▸ What you are asked to do: Down to the final line, write out the material beneath exactly, without pictures.

▸ Dataset extract:
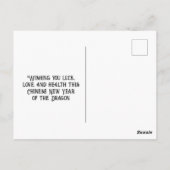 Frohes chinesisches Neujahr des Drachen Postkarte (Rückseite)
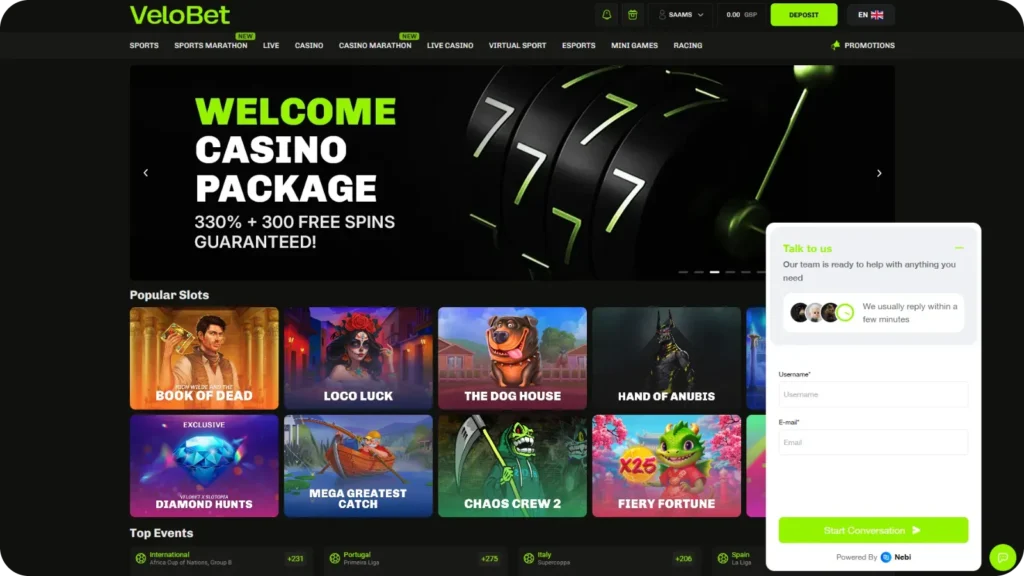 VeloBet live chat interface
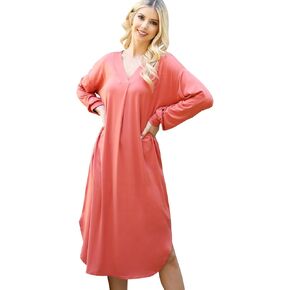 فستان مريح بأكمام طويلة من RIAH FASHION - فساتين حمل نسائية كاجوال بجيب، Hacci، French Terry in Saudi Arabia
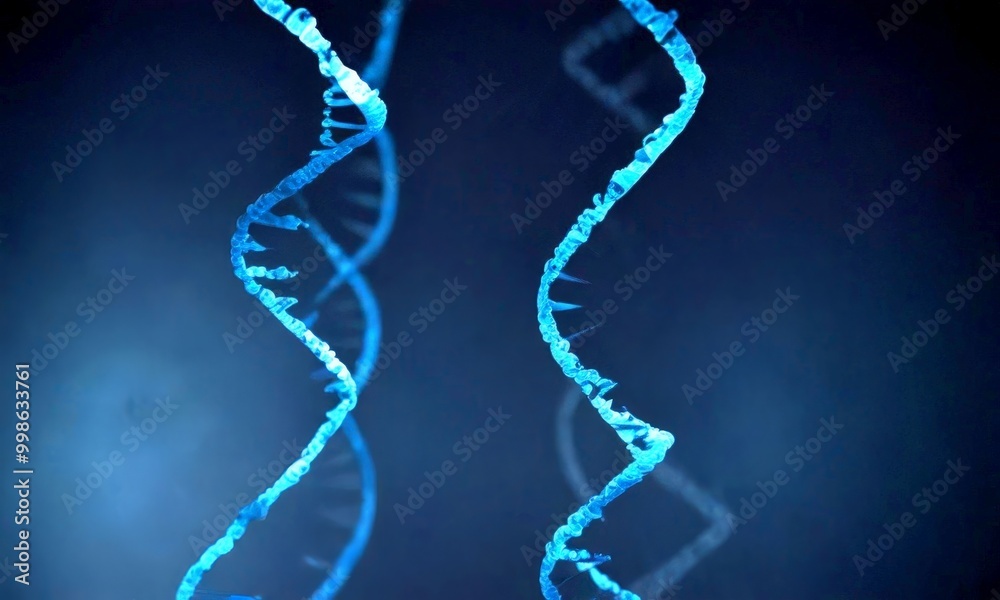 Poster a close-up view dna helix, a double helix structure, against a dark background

▸ Your solution:
 Frohes chinesisches Neujahr des Drachen Postkarte (Rückseite)
 VeloBet live chat interface
 فستان مريح بأكمام طويلة من RIAH FASHION - فساتين حمل نسائية كاجوال بجيب، Hacci، French Terry in Saudi Arabia
 Poster a close-up view dna helix, a double helix structure, against a dark background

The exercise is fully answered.